> DATA TO PROCESS
■ ■ ■ ■
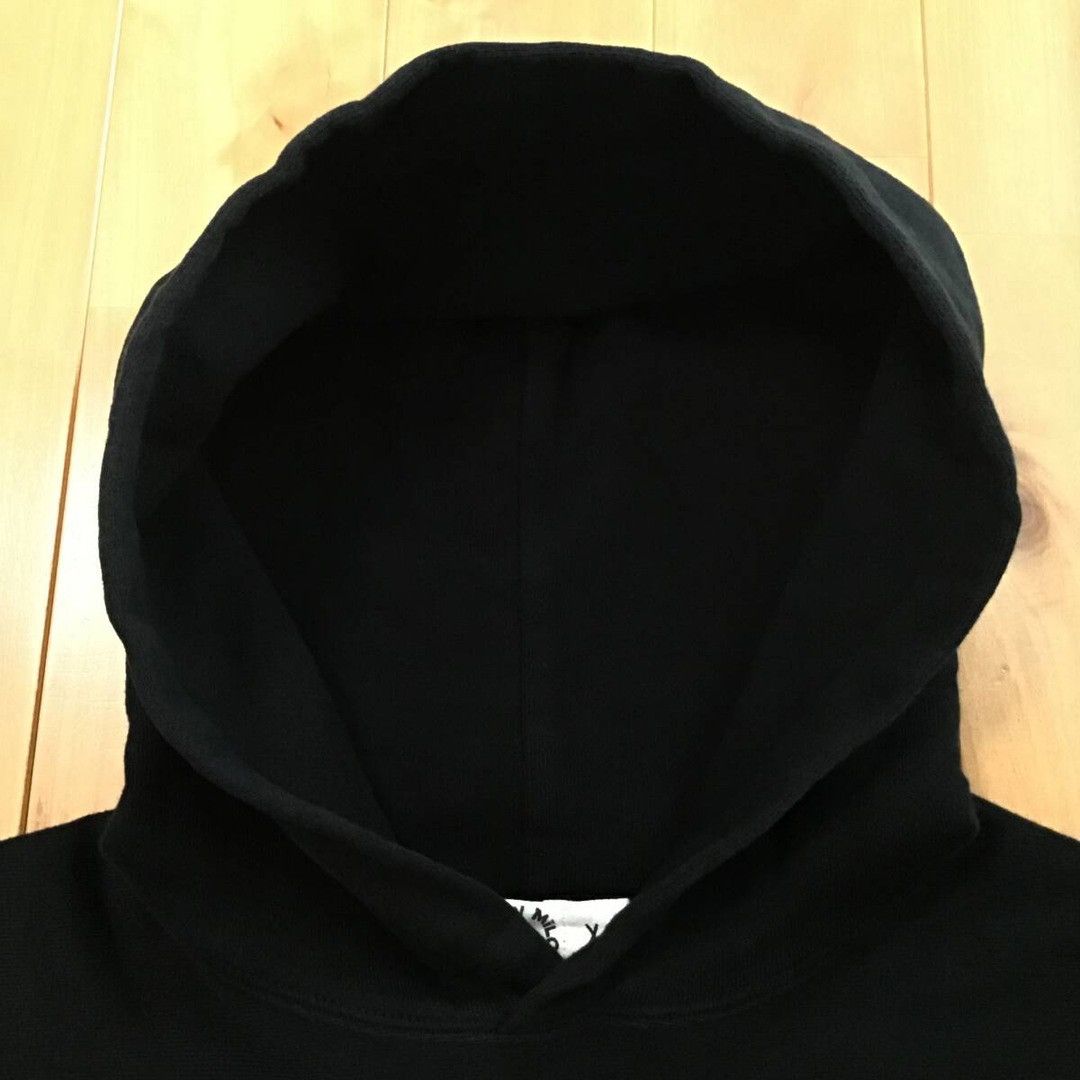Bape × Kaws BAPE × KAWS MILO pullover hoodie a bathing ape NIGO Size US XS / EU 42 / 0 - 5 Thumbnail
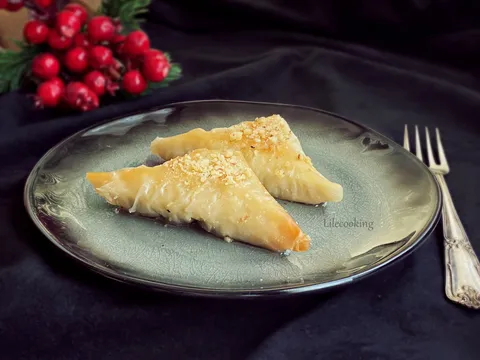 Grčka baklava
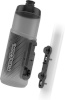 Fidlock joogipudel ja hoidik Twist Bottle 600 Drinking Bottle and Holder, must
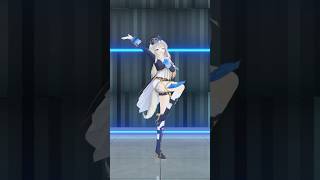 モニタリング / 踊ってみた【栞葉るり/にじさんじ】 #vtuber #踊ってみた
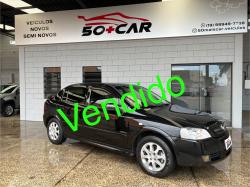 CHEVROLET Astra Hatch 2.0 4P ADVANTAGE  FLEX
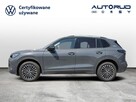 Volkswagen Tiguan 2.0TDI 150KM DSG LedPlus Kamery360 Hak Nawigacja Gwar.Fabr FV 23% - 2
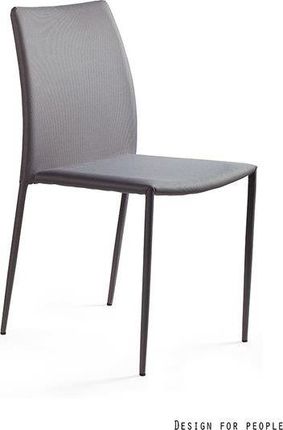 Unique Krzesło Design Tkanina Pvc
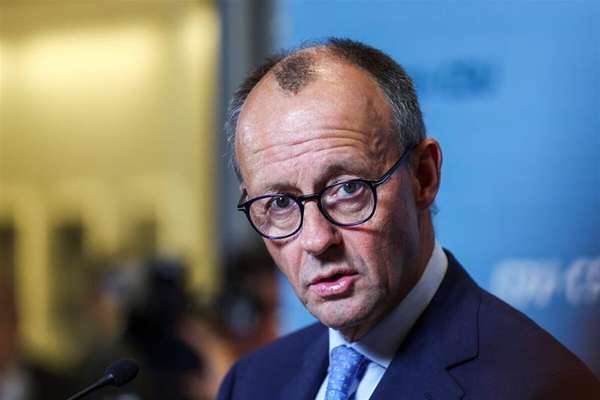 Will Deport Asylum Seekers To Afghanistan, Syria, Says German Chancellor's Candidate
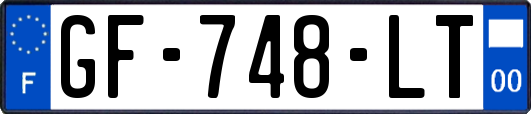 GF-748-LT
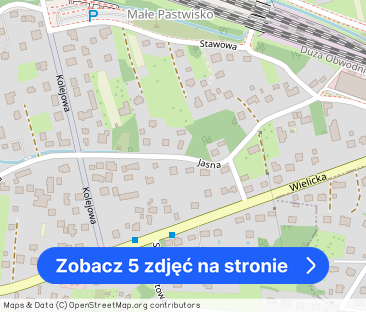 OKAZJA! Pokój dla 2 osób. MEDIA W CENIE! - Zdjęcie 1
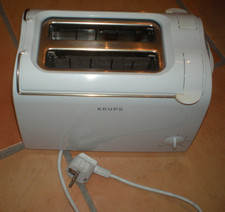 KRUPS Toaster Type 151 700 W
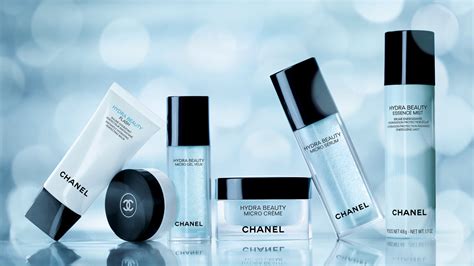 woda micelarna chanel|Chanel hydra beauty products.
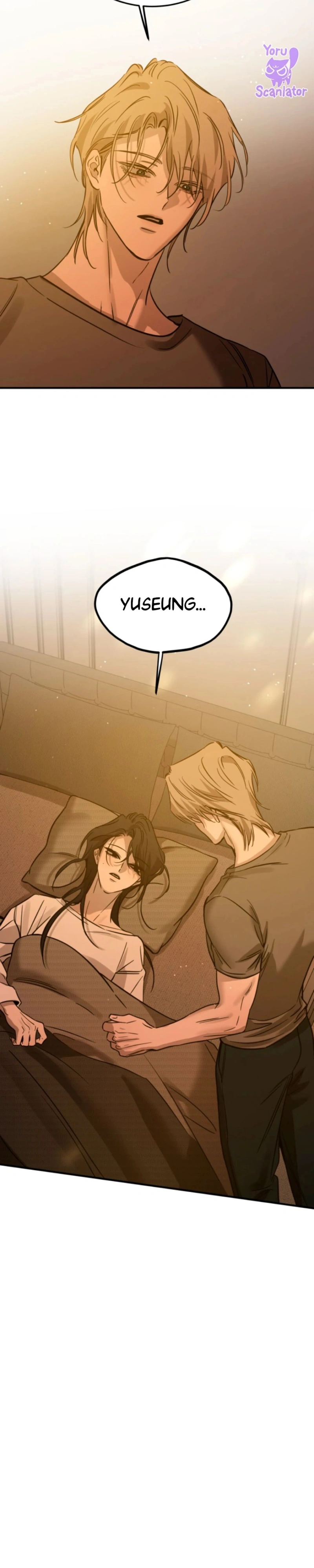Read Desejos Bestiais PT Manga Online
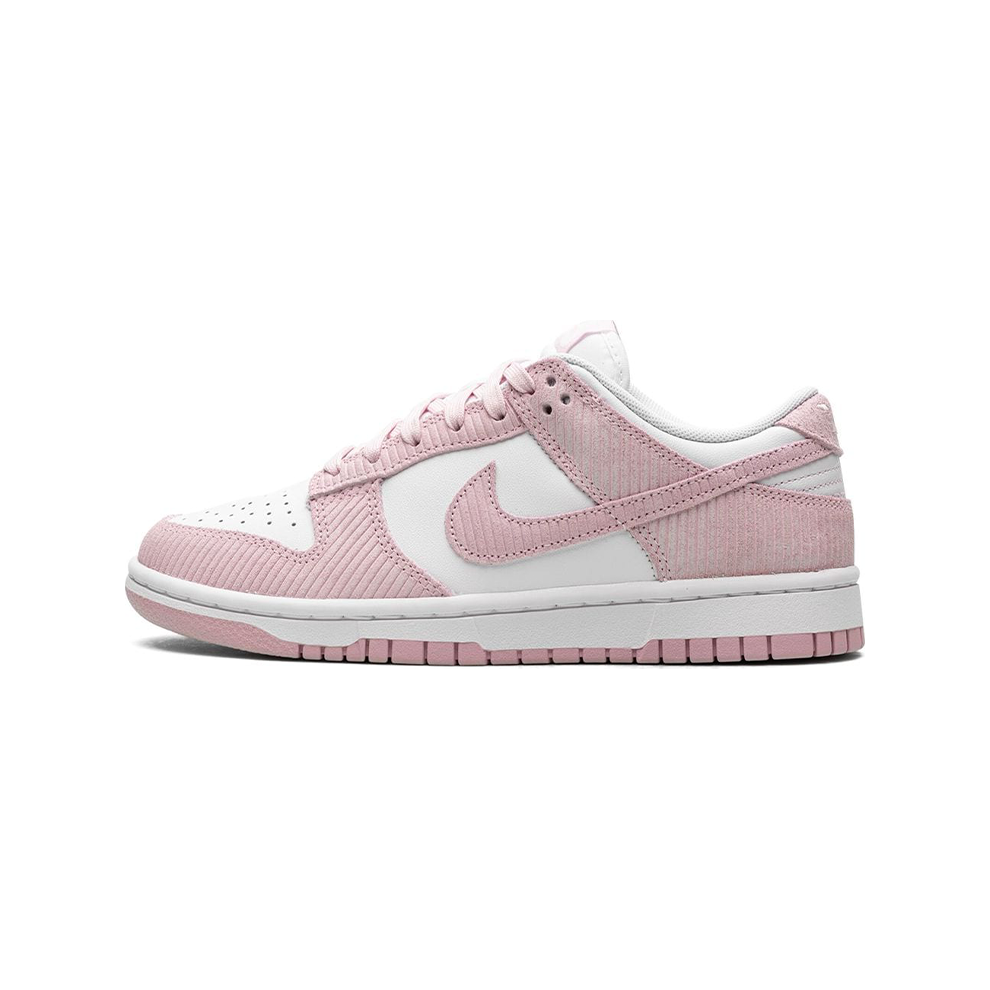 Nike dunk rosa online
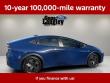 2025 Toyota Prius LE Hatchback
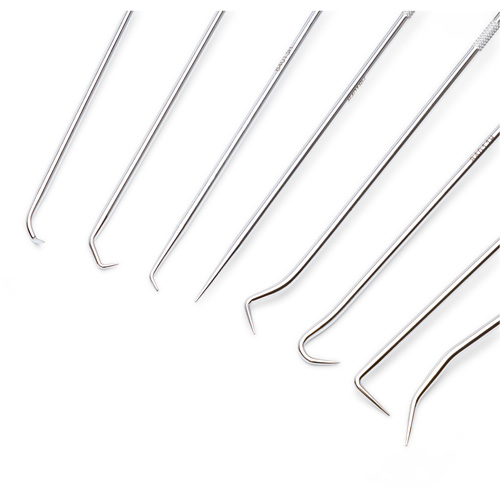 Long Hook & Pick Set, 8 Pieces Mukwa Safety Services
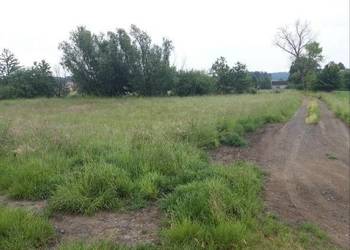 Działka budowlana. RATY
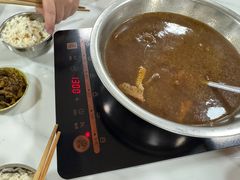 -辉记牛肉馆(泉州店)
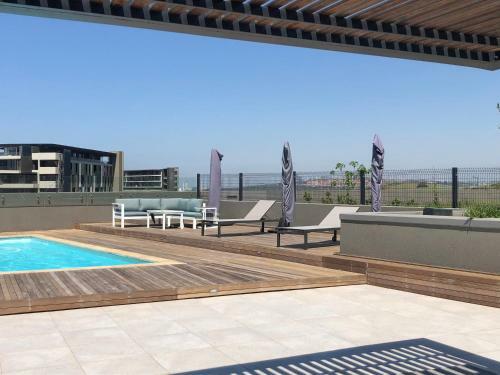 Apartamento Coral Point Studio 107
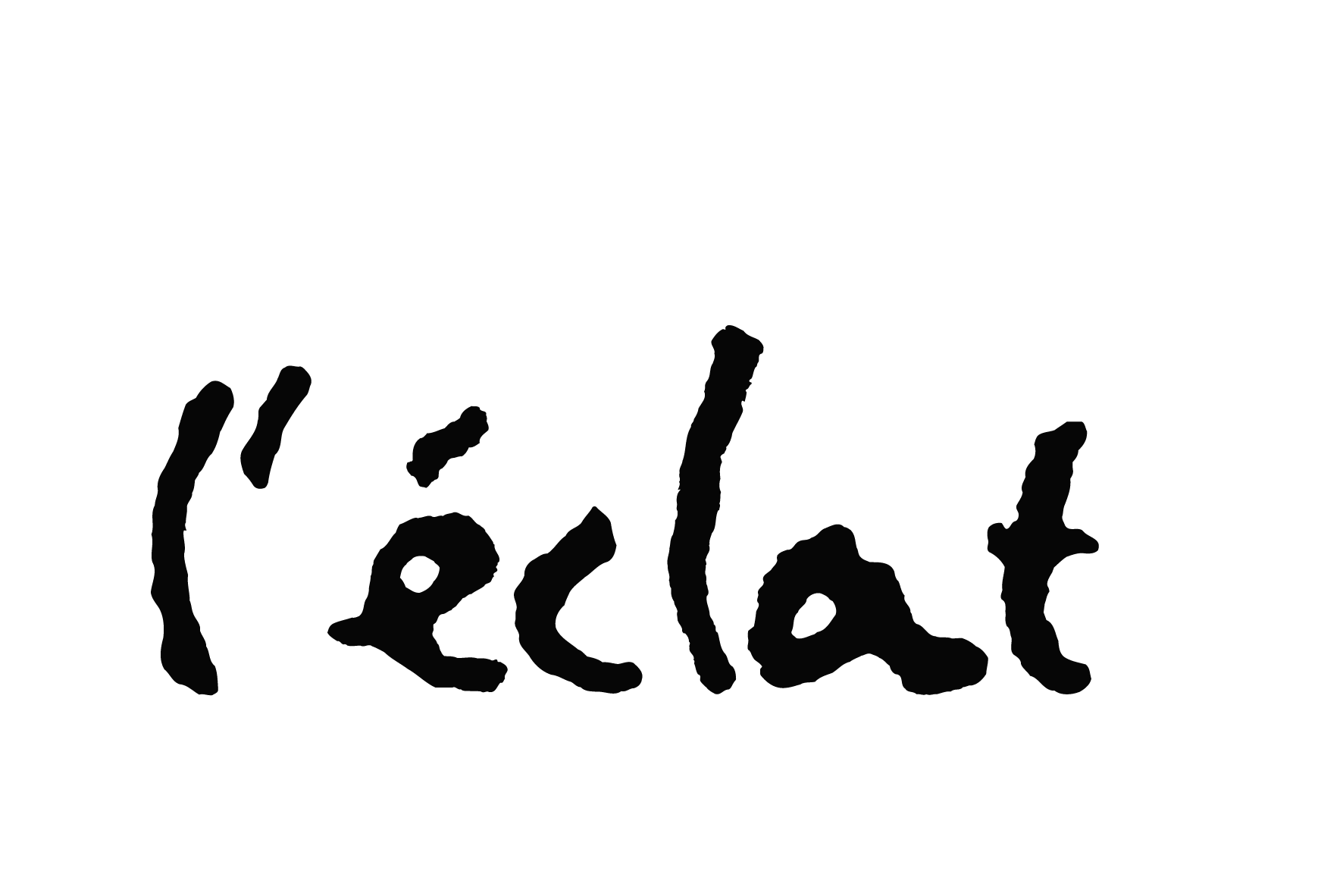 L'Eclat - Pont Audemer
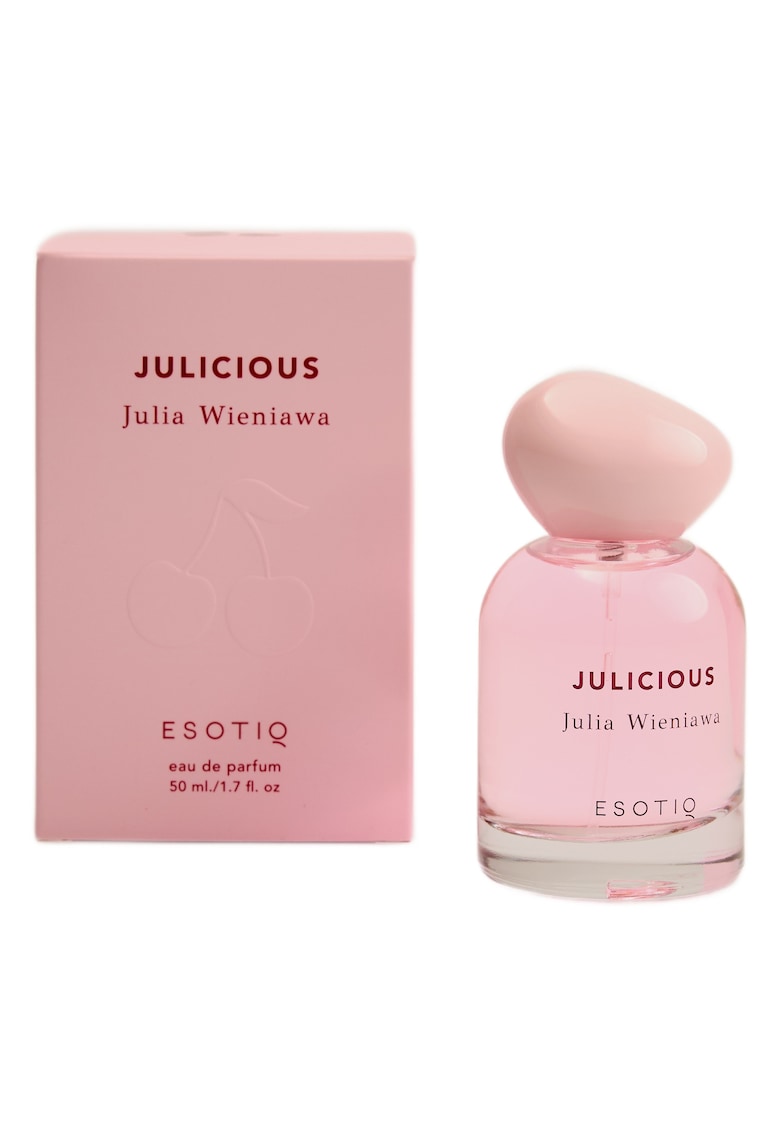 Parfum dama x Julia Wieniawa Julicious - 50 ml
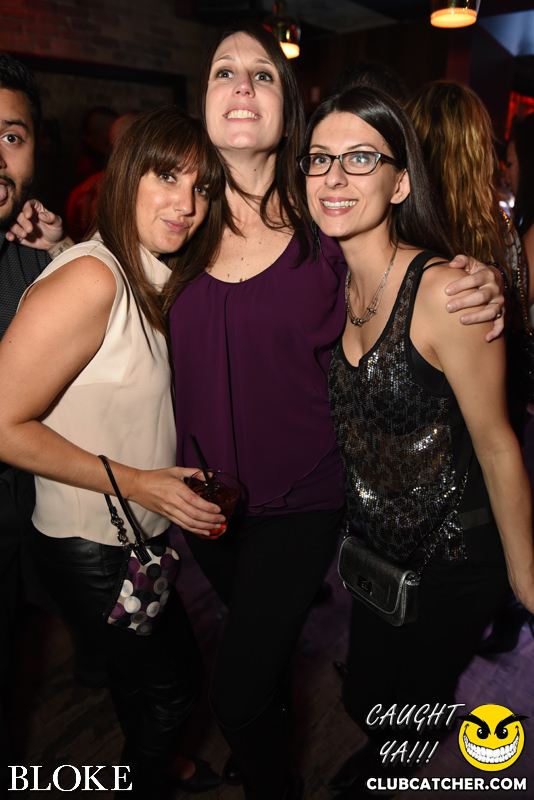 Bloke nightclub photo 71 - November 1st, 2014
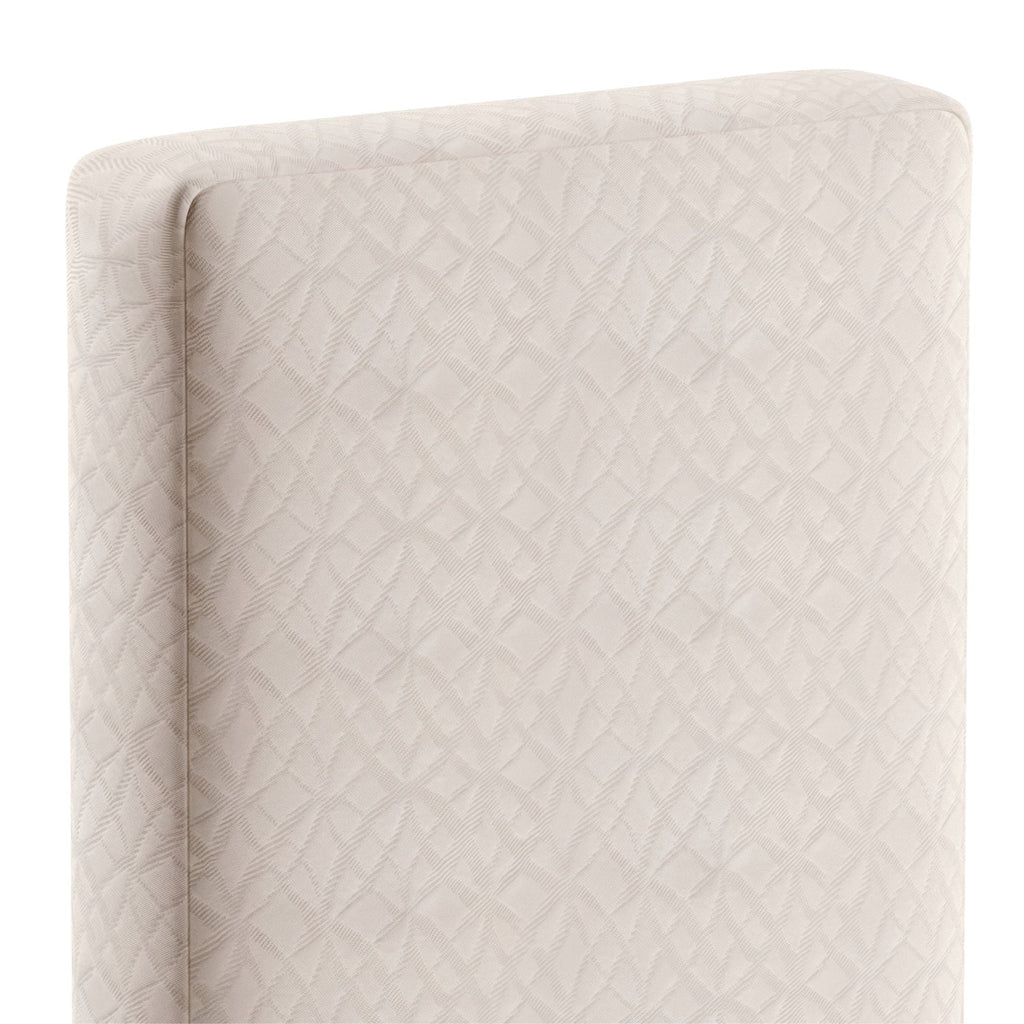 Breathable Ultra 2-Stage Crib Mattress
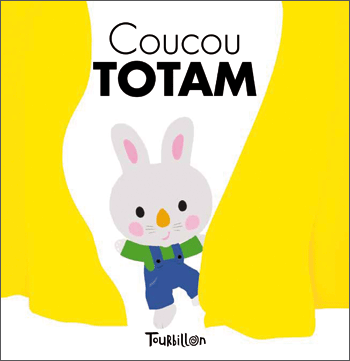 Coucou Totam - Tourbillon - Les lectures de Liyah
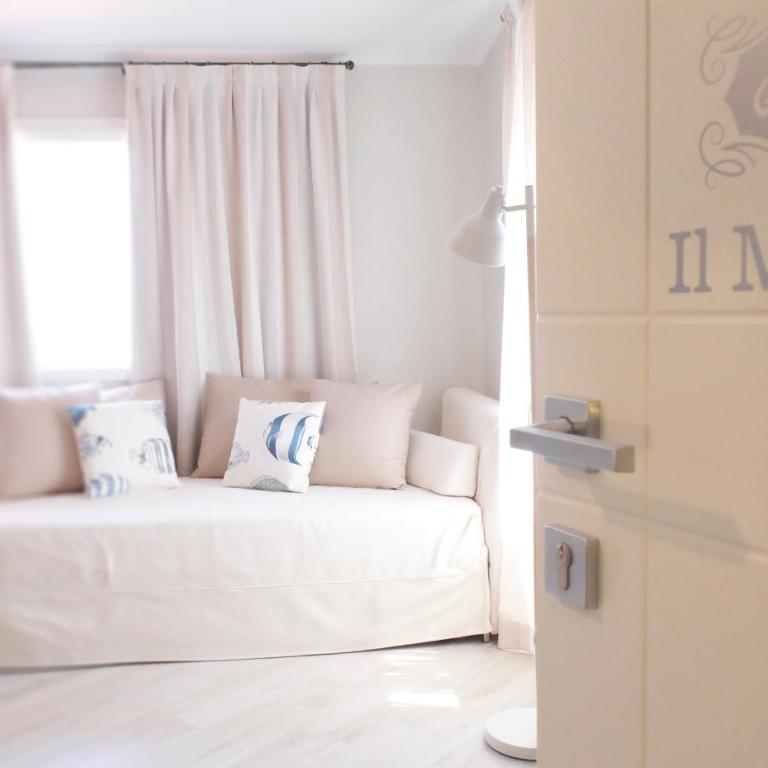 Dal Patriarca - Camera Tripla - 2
■ ■ ■ ■
> EXERCISE AIM
The complete material, set down exactly and stripped of pictures, is the expected response.

> FINISHED TASK
Bape × Kaws BAPE × KAWS MILO pullover hoodie a bathing ape NIGO Size US XS / EU 42 / 0 - 5 Thumbnail
 Grčka baklava
 Fidlock joogipudel ja hoidik Twist Bottle 600 Drinking Bottle and Holder, must
 モニタリング / 踊ってみた【栞葉るり/にじさんじ】 #vtuber #踊ってみた
 CHEVROLET Astra Hatch 2.0 4P ADVANTAGE  FLEX
 Volkswagen Tiguan 2.0TDI 150KM DSG LedPlus Kamery360 Hak Nawigacja Gwar.Fabr FV 23% - 2
 Unique Krzesło Design Tkanina Pvc
 Will Deport Asylum Seekers To Afghanistan, Syria, Says German Chancellor's Candidate
 GF-748-LT
 OKAZJA! Pokój dla 2 osób. MEDIA W CENIE! - Zdjęcie 1
 KRUPS Toaster Type 151 700 W
 woda micelarna chanel|Chanel hydra beauty products.
Read Desejos Bestiais PT Manga Online
 Nike dunk rosa online
 2025 Toyota Prius LE Hatchback
 Long Hook & Pick Set, 8 Pieces Mukwa Safety Services
 Działka budowlana. RATY
 -辉记牛肉馆(泉州店)
 Apartamento Coral Point Studio 107
 L'Eclat - Pont Audemer
 Parfum dama x Julia Wieniawa Julicious - 50 ml
 Bloke nightclub photo 71 - November 1st, 2014
 Breathable Ultra 2-Stage Crib Mattress
 Coucou Totam - Tourbillon - Les lectures de Liyah
 Dal Patriarca - Camera Tripla - 2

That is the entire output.